Las elecciones legislativas eran, en teoría, un trámite para el oficialismo. Confiado en su dominio histórico, subestimó el ascenso de La Libertad Avanza, una fuerza que capitalizó el descontento con discursos disruptivos. Emiliano Durand, figura emblemática del oficialismo local, no hizo campaña. ¿Para qué? La capital era su feudo, y su reelección como intendente parecía un mero ritual. Pero el triunfo opositor lo cambió todo, la ciudad ya no es un bastión seguro, y su imagen de líder invencible se resquebraja.
Durand enfrenta ahora una disyuntiva existencial. Si se presenta a la reelección y pierde, su carrera política podría extinguirse. La derrota en la capital, de El Princeso lo enterraría como símbolo de un establishment fracasado. Pero hay otra opción: apuntar a la gobernación. Aunque arriesgado, este camino ofrece una salida elegante. Perder con el 25-30% de los votos le permitiría reciclarse como diputado nacional, manteniendo viva su influencia.

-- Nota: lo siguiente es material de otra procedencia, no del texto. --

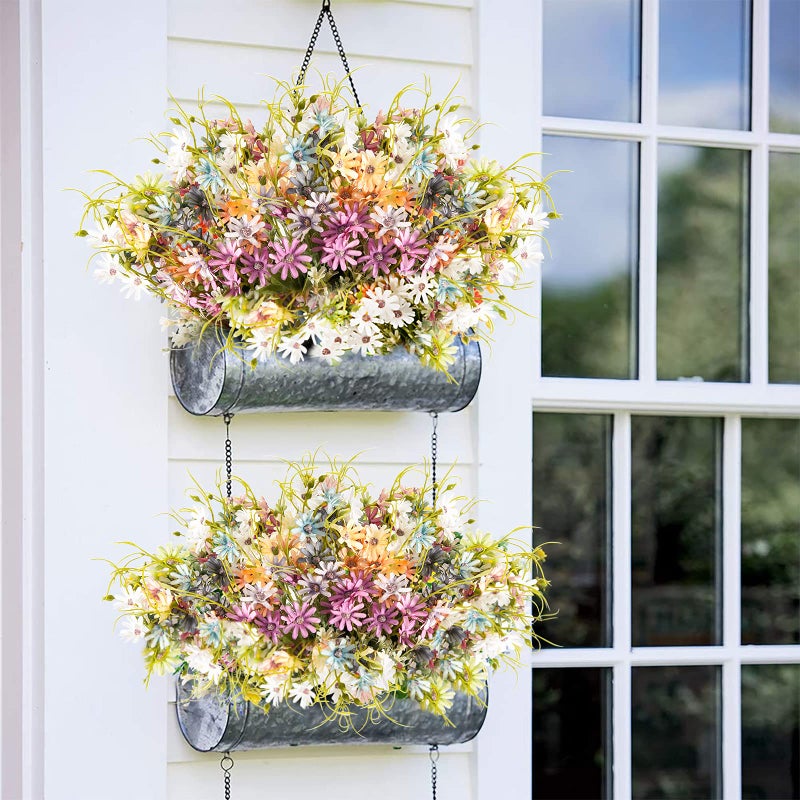 AUMVEYI 6 Bundles Wildflowers Artificial Flowers Outdoor Fake Daisy UV Resistant Silk Wild Flower Bouquets Bulk Faux Plants Plastic Greenery for Decoration vase Floral Arrangements Home Décor - Image 3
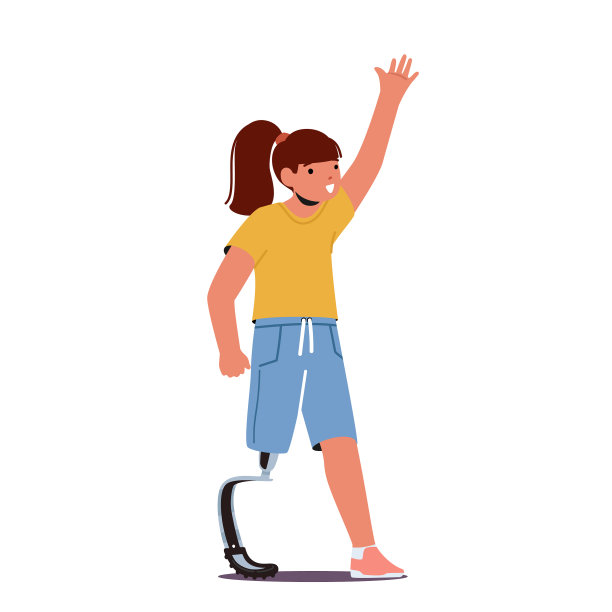 残疾的女孩与假肢微笑挥手图片下载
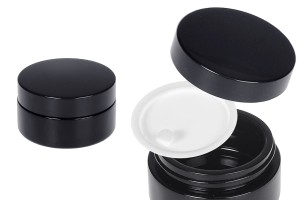 Pot en verre noir 50 ml pour crème avec couvercle et joint en plastique-εικόνα_προϊοντική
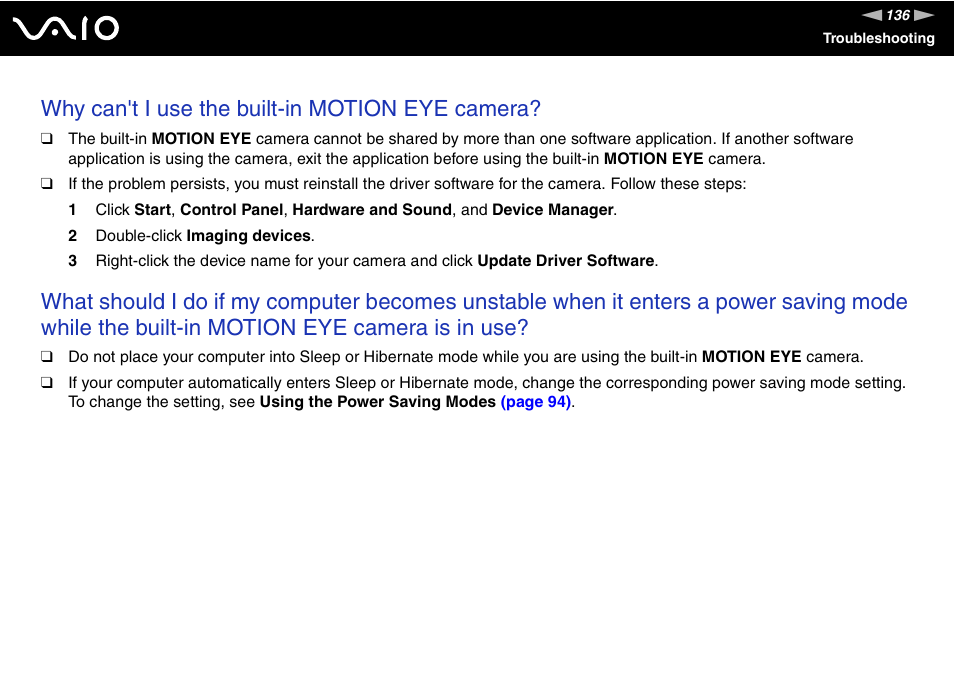 Why can't i use the built-in motion eye camera | Sony VAIO VGN-FW200 User Manual | Page 136 / 186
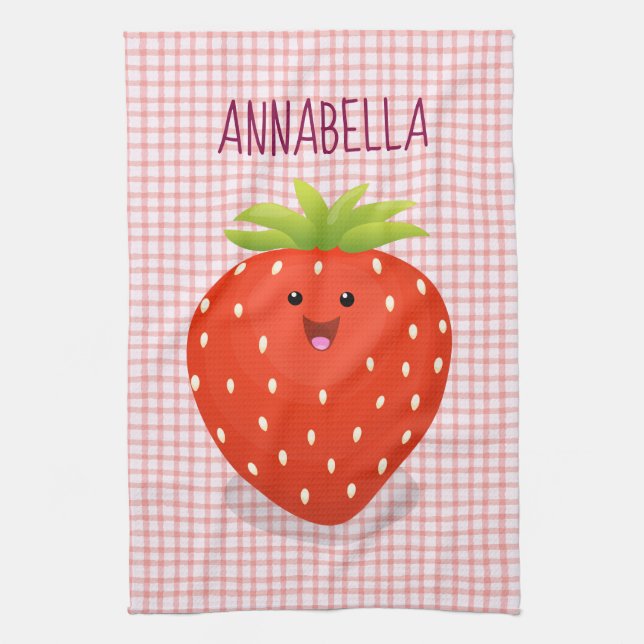 Linge De Cuisine Illustration de la fraise Cute kawaii (Vertical)
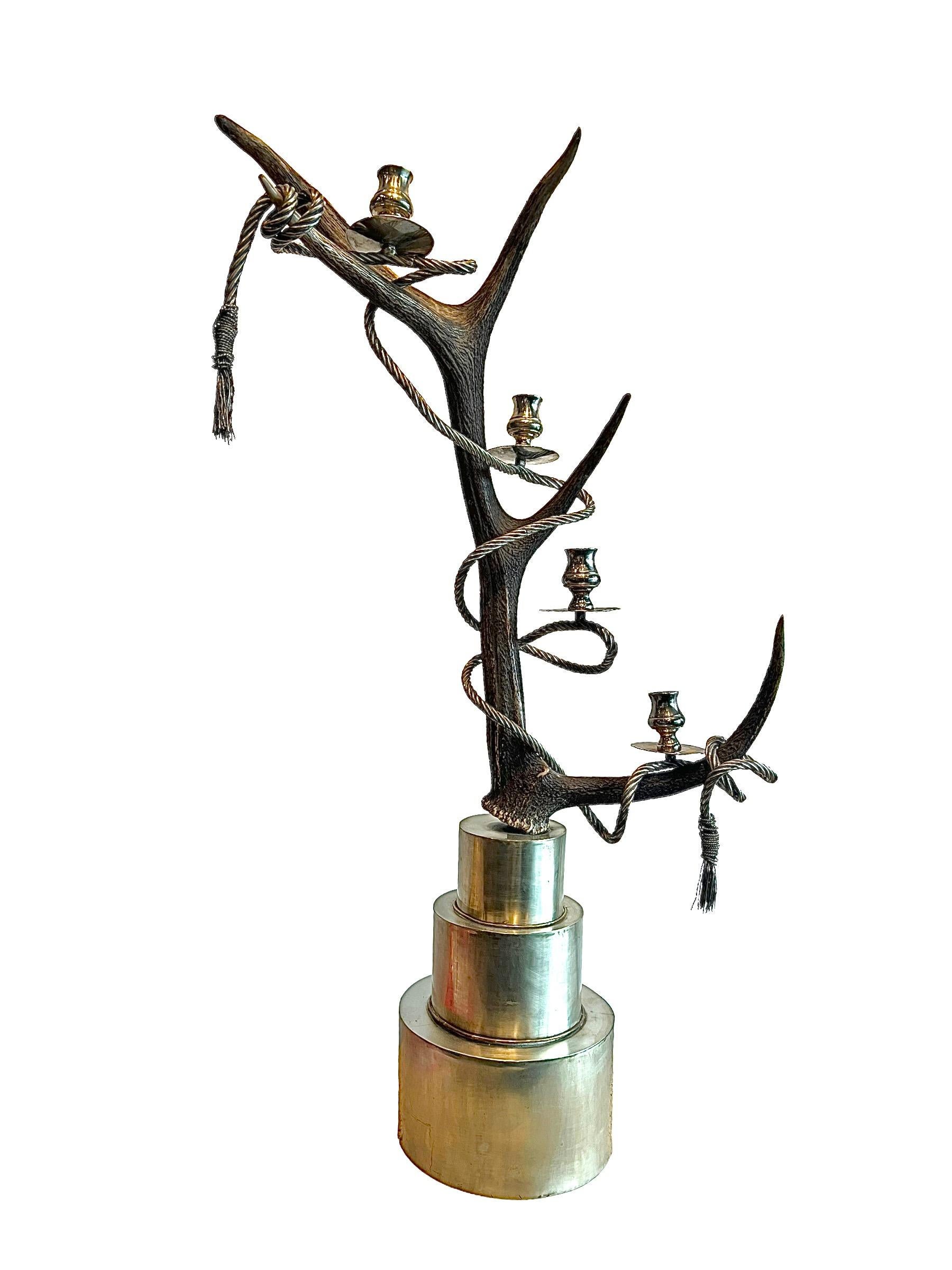 20th Century Contemporary Pair of Antler Candelabras by Anthony Redmile, Mid-Century Modern For Sale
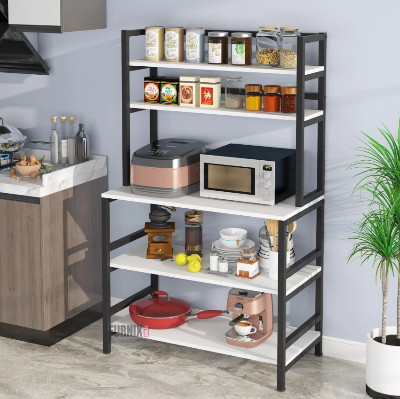 Picture of Furnix Furnix 5-Layer Open Shelf Storage Rack with 60/30 Inches Dimensions, Featuring a Sturdy Metal Base - Ideal for Multipurpose Use in Office, Home, Kitchen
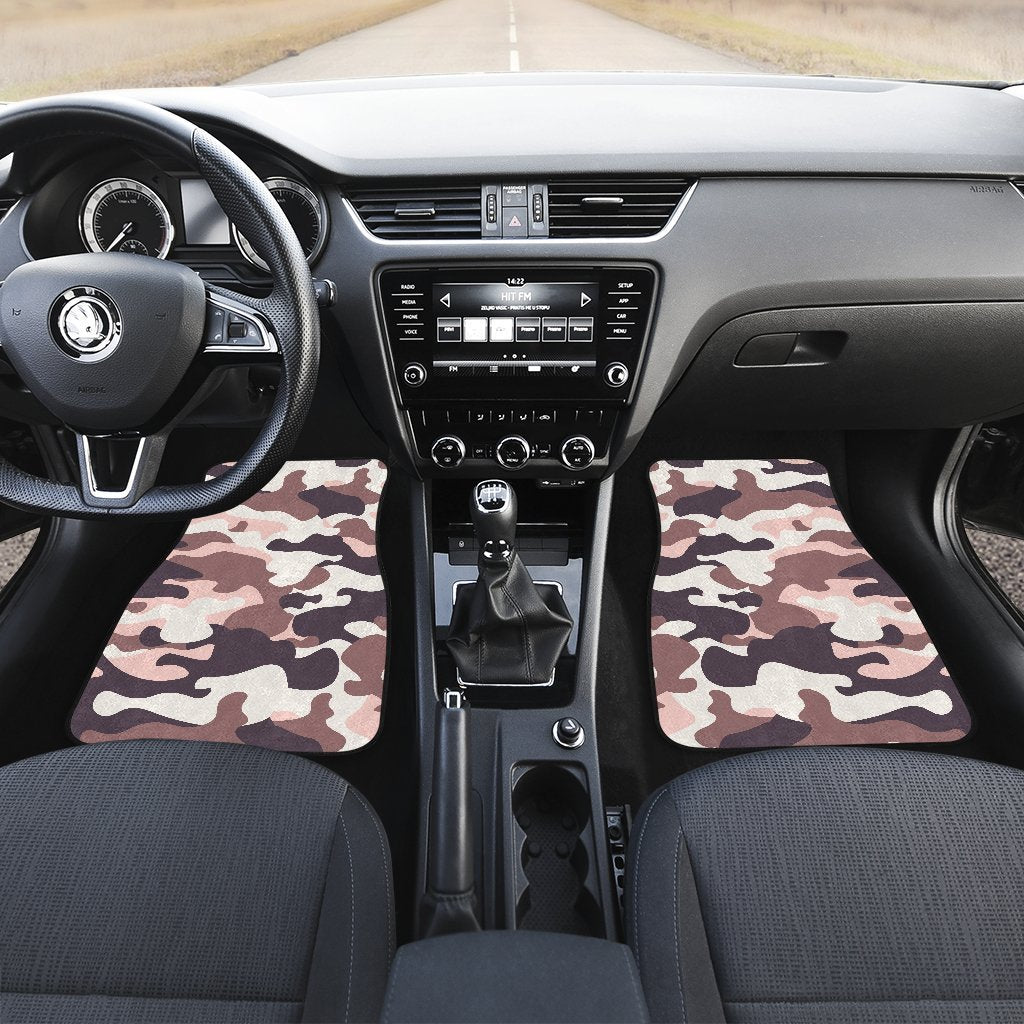 Pink Brown Camouflage Print Front And Back Car Floor Mats/ Front Car Mat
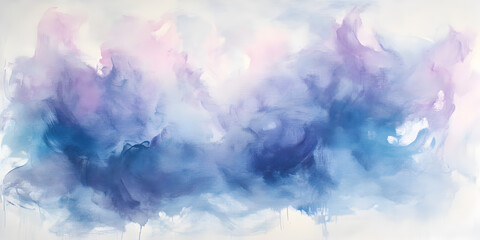Fototapeta premium Abstract Dreamscape: Soft, ethereal blues and purples swirl and dance in a mesmerizing abstract painting. The colors evoke a sense of tranquility and tranquility.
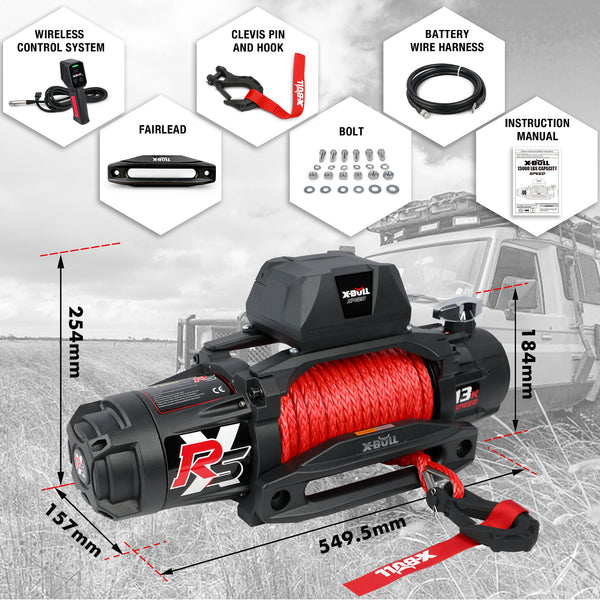 X-BULL Electric Winch 13000LBS 12V Synthetic Rope 28M Wireless Offroad 4WD 4x4 Tristar Online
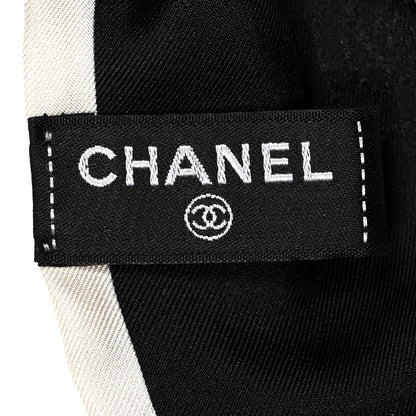 Chanel Silk Hair Tie Black Ivory 4 of 4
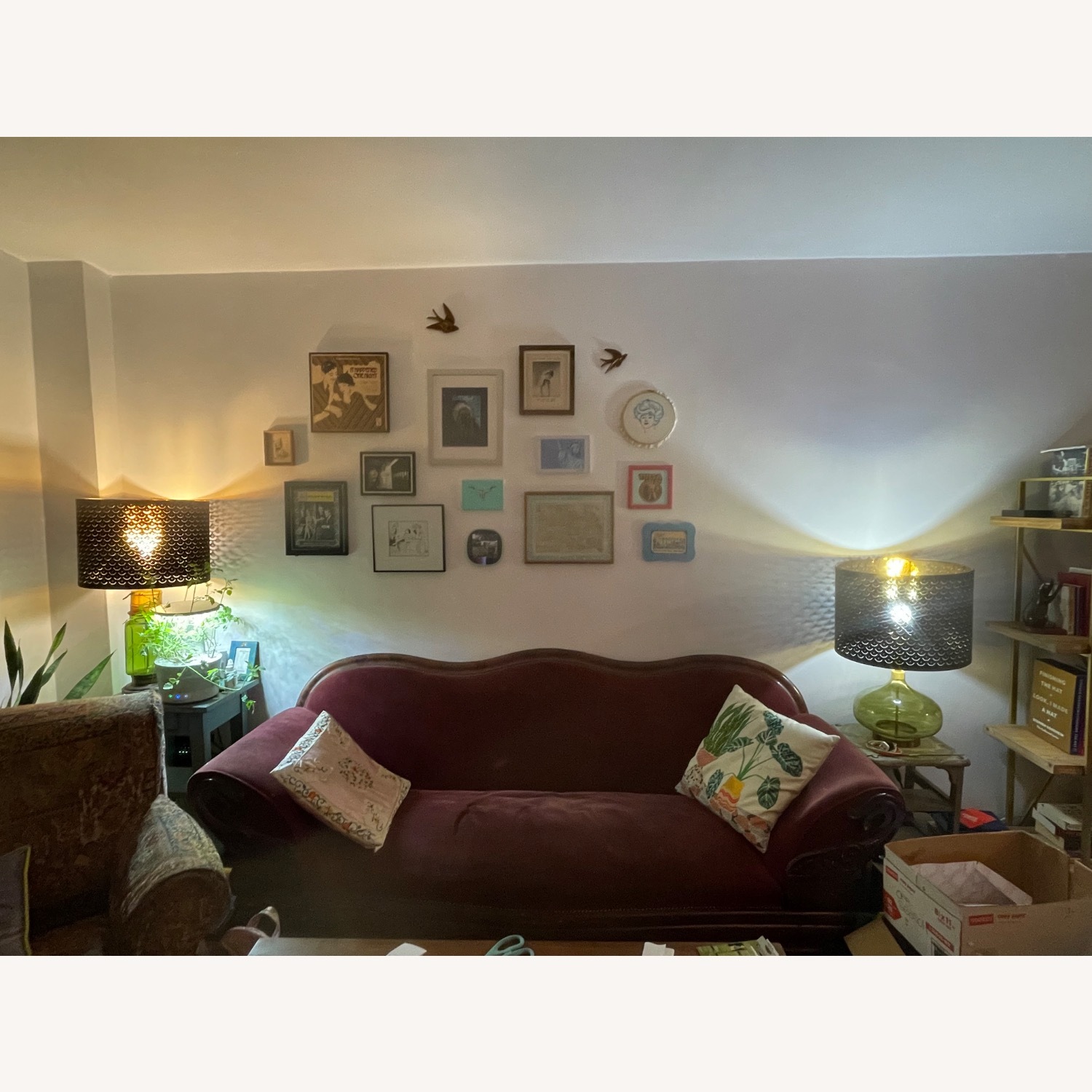 Real Victorian Velvet Couch - image-1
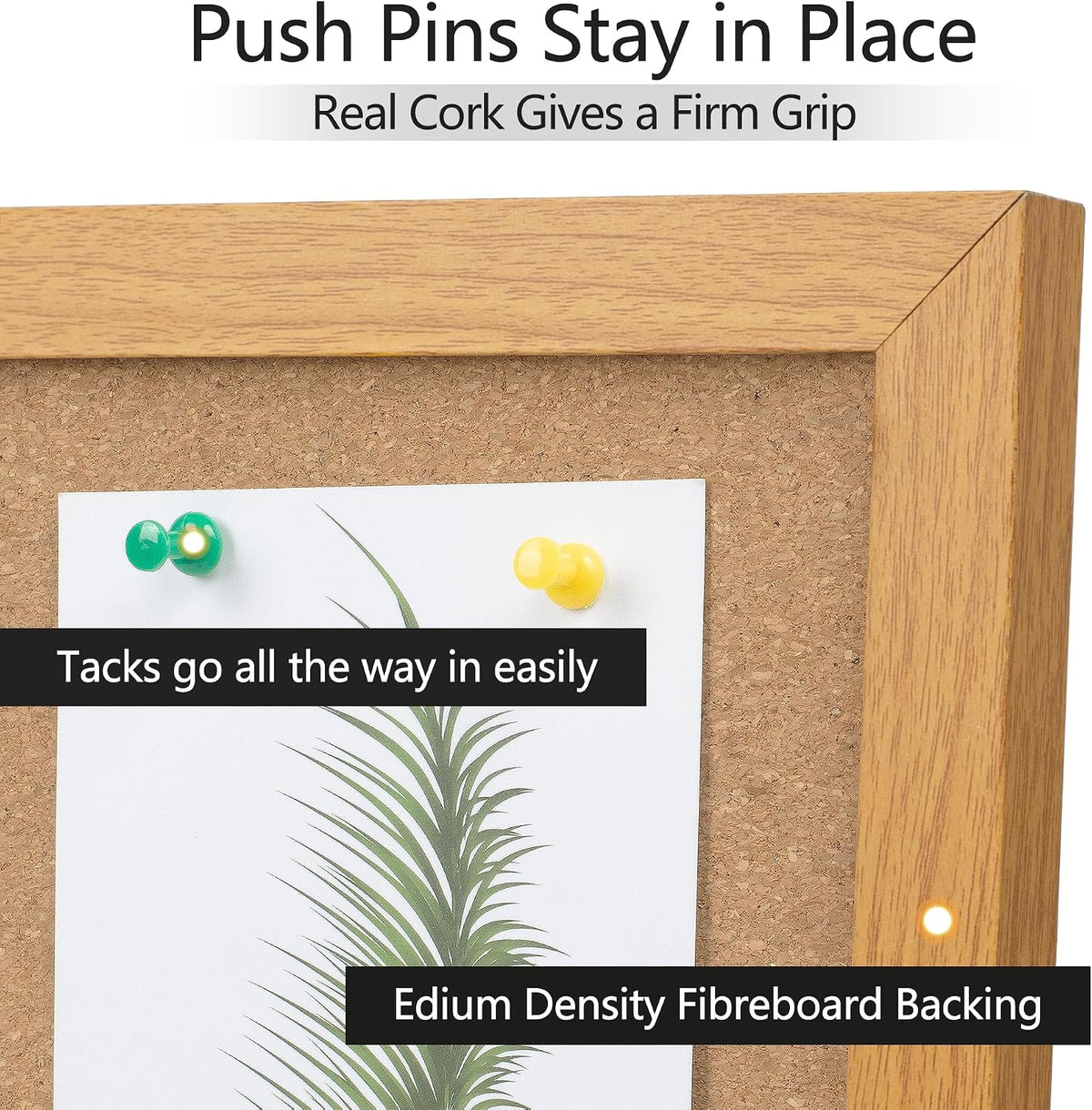 Cork Board Bulletin Board 20 x 30, Wood Framed Corkboard for Wall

El problema es la interna. El oficialismo está lejos de la unidad. El actual gobernador, Gustavo Sáenz, tambaleante tras la derrota del domingo, no descarta buscar una segunda reelección, lo que complica el panorama. Además, otros referentes del partido ya alistan sus armas para la candidatura. Emiliano Durand, sin haber construido alianzas sólidas en años de complacencia, llega tarde al juego.
La falta de preparación de Durand es un caso de manual sobre los peligros de la soberbia política. Confiado en que el oficialismo ganaría holgadamente, ignoró señales de alerta: el malestar por la gestión de la pandemia, la inflación y una percepción de estancamiento en la capital. Mientras La Libertad Avanza movilizaba a jóvenes y sectores medios con promesas de cambio, él confió en la maquinaria partidaria. El resultado fue un electorado que, más que votar contra él, votó por enterrar una era.
El futuro incierto de Emiliano Durand
Hoy, Durand no solo lucha por su supervivencia política; es el síntoma de un oficialismo en crisis. Si opta por la intendencia, necesitará reinventarse, acercarse a vecinos y demostrar resultados tangibles. Pero el tiempo apremia, y la oposición ya olió la sangre. Si elige la gobernación, deberá negociar con Sáenz y otros pesos pesados, algo para lo que no está entrenado. Su estilo, más cercano al liderazgo mediático que al trabajo en equipo, juega en su contra.
La caída de Durand no es solo personal; es una advertencia para una clase política que subestima el descontento. En un país donde el voto castigo es moneda corriente, la soberbia se paga caro. Su dilema refleja una tensión entre el pasado y el futuro: aferrarse a un cargo que ya no controla o saltar al vacío con la esperanza de que el paracaídas partidario se abra.
Sea cual sea su decisión, una cosa es clara, en política: nadie es princeso de nada. Y Durand, entre apodos y especulaciones, acaba de aprenderlo en estos últimos días por las malas.